SURYA.co.id, SURABAYA – Keuskupan Surabaya melalui Yayasan Yohanes Gabriel meluncurkan program transformasi pendidikan Katolik bertajuk A New Light for Tomorrow dalam momentum satu abad yayasan tersebut di Hotel Mercure Surabaya Grand Mirama Jumat malam (22/5/2026).
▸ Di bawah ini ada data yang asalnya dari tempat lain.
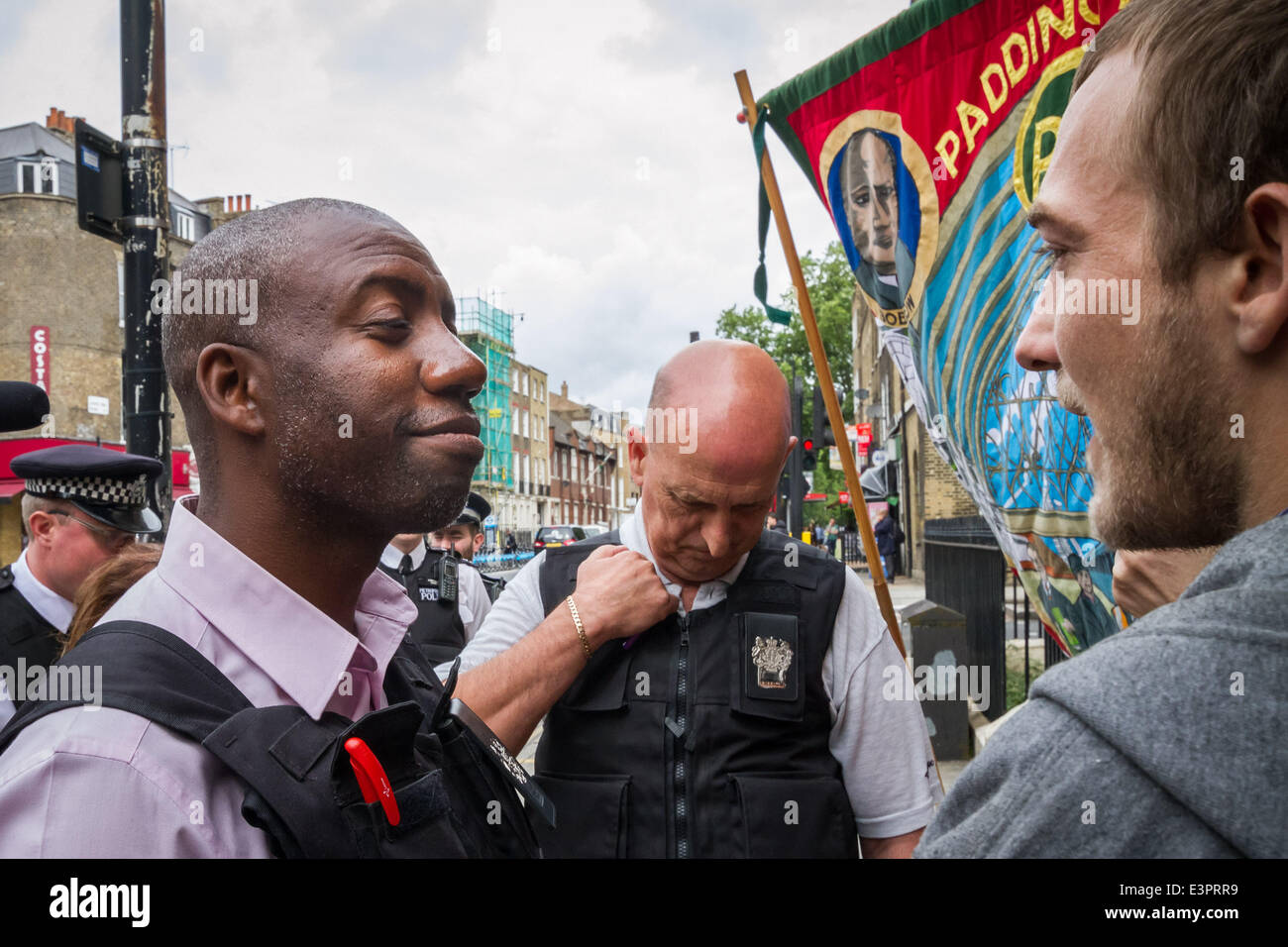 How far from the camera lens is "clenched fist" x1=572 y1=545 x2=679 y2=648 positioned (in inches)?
84.9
Program rebranding dan launching pilot project ini dihadiri sekitar 300 undangan dari berbagai kalangan umat Katolik, pemerhati pendidikan, hingga mitra pendukung karya misi Gereja di bidang pendidikan.
Acara ini juga dihadiri Uskup Surabaya sekaligus Ketua Dewan Pembina Yayasan Yohannes Gabriel, Monsinyur Agustinus (Mgr) Tri Budi Utomo.
Ketua Yayasan Yohanes Gabriel, RD Aloysius Hans Kurniawan, mengatakan program ini bertujuan memperbaiki kembali sekolah-sekolah Katolik yang selama ini kurang mendapat perhatian.
“Ada banyak sekolah Katolik yang sebenarnya punya potensi besar, tetapi perlu ditransformasi agar bisa berkembang dan bermanfaat bagi lebih banyak anak-anak di Surabaya dan sekitarnya,” ujarnya.
Baca juga: 20 Rumah Sakit Malaysia Pameran di Tunjungan Plaza dalam MHX Surabaya 2026
Saat ini, terdapat 149 sekolah di bawah Yayasan Yohanes Gabriel yang tersebar mulai Surabaya hingga Rembang, Jawa Tengah.
Seluruh sekolah tersebut ditargetkan menjalani proses transformasi secara bertahap hingga tahun 2030.
Acara ini sebagai momentum dimulainya project pembangunan dan pengembangan 18 sekolah tahap pertama dari 149 sekolah yang tersebar di wilayah Keuskupan Surabaya.
Program pembaruan ini tidak hanya berfokus pada pembangunan fisik sekolah, tetapi juga peningkatan kualitas pendidikan, pembaruan branding sekolah, hingga penguatan kurikulum dan kompetensi guru.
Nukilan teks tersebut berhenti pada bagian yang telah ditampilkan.